EAB budget might increase
In the 2012 budget, $7,500 was set aside in the village's Capital Improvement Program to go toward emerald ash borer. This program is funded through the tax levy.
"We all knew emerald ash borer was coming and it is here," Neitzel said. "It just takes a couple of years for you to notice it."
Because of a grant from the Department of Natural Resources, the village created a plan a few years ago to attack emerald ash borer when it would inevitably be found in the village. That grant also went toward reducing the number of village ash trees and replacing them with a new species. There are now 800 village-owned ash trees, down from 937.
An EAB fund was started as a result of the program and an amount was determined to be set aside every year into the EAB fund. Originally, $14,500 was to be set aside in 2012; however, Neitzel said that amount was cut. There is currently $7,500 in the EAB budget.
The Finance and Public Works Committee did not vote on allocating additional funds on Sept. 5; however, committee members did say they would support increasing the EAB portion in 2013 by $10,500 when approving the CIP portion of the annual budget. This increase for attacking the borer could go up until 2022.

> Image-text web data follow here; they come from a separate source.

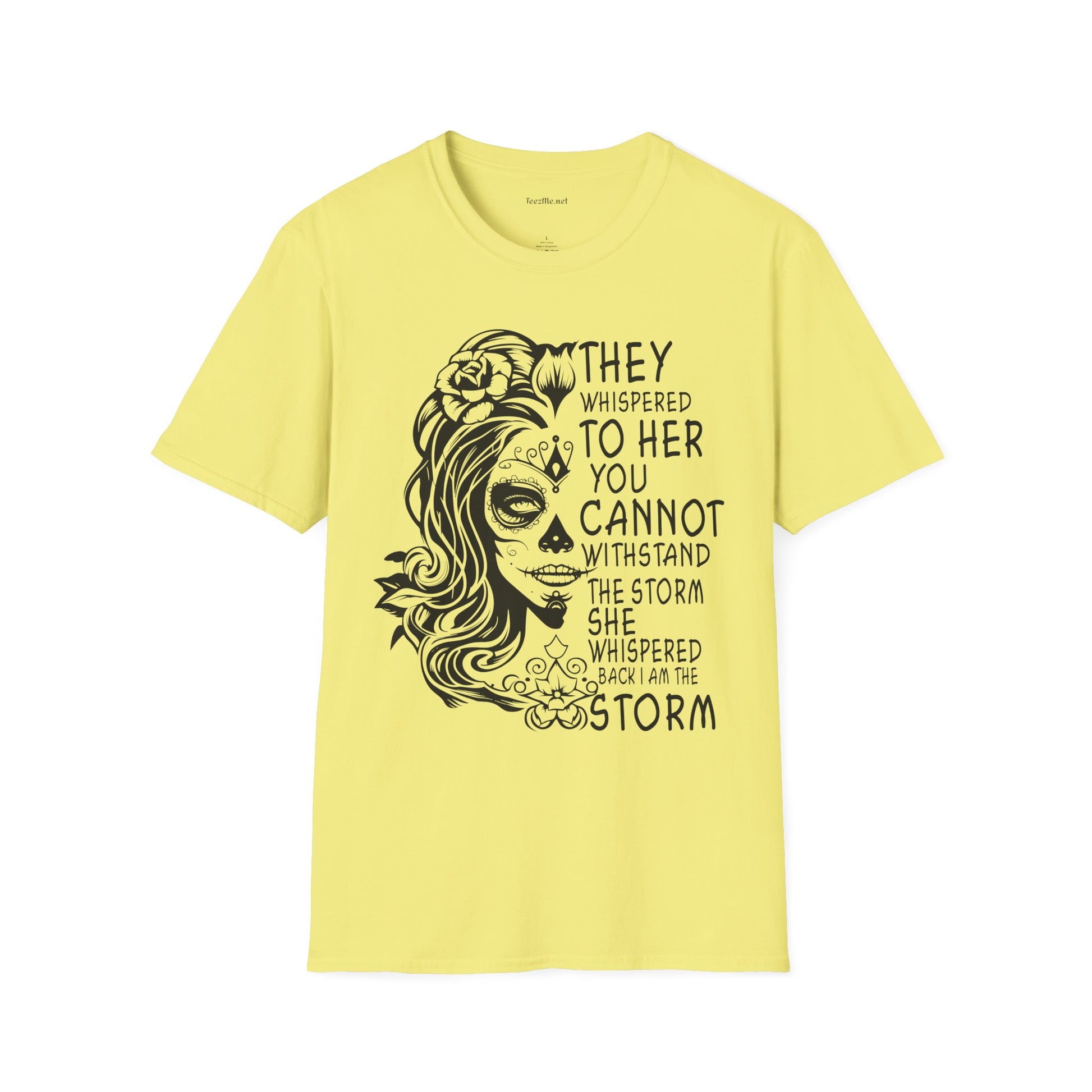 I Am The Storm Unisex Softstyle T-Shirt 100% Cotton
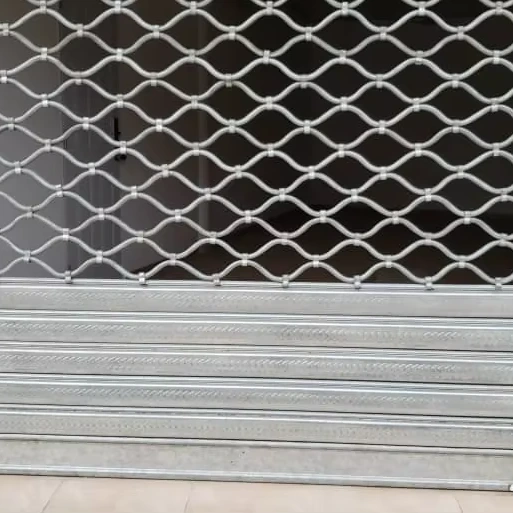 Steel Roller Shutter Door For Warehouses Vertical Opening Grill Shutter 1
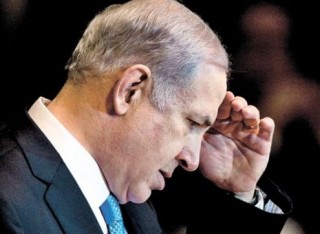 Bibi has been banging his head against the wall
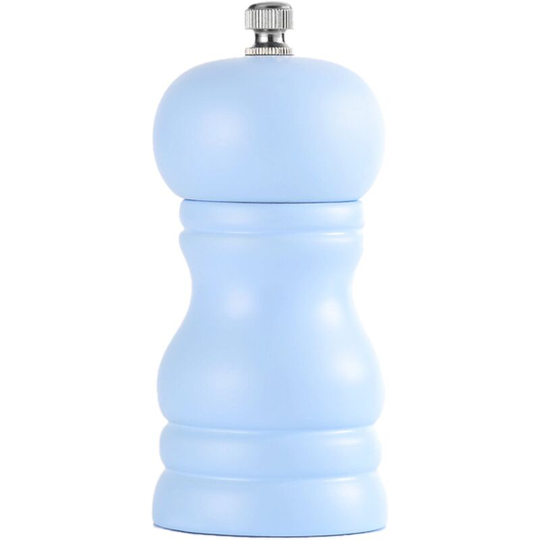 Salt and Grinder Wooden Mills Shakers with Adjustable Coarseness for Seasoning Meal Prep Cooking Dining Nordic blue
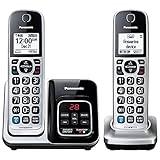 Panasonic Expandable Cordless Phone System, Bluetooth Pairing for Wireless Headphones and Hearing Aids, Smart Call Block, Bilingual Talking Caller ID, 2 Handsets - KX-TGD892S, Silver/Black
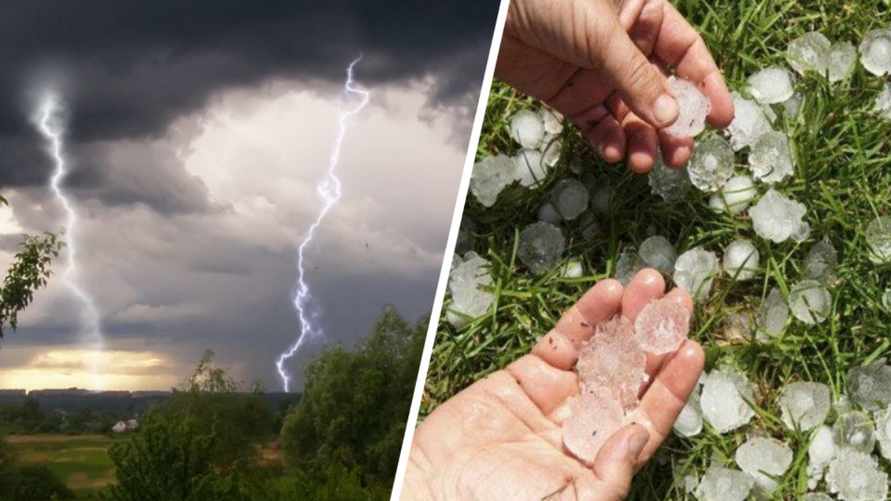 Синоптики назвали самые «мокрые места» в Беларуси в ближайшие дни. Где пообещали грозы с градом?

"I have no problem in recommending this increase, but what I would like to see from staff is an equal reduction in some other part of the CIP so that we're not just escalating costs for this program, but we're maintaining the budget in terms of the CIP," said Village Board Trustee and committee member Terry Boschert. "These funds have to come off from some place else and we'll divert them for this program."
The 2013 budget and CIP will be discussed and voted on in coming months.
Size of infestation
There are about 16,000 ash trees on private property in Brown Deer, which comes out to be about a 250,000 inches of diameter of wood. The diameter of each tree is used to determine the cost to treat or remove them.
Depending on the size of the tree and how many rounds of treatment are needed, the cost to treat a tree is between $1.75 to $2.85 per inch diameter. The cost to treat all public ash trees in the village would be between $17,100 and $27,800, Neitzel said.
Treatment only kills between 90 to 95 percent of the borer in a tree. Until a treatment is developed that can kill 100 percent of the insect, an annual treatment will be necessary.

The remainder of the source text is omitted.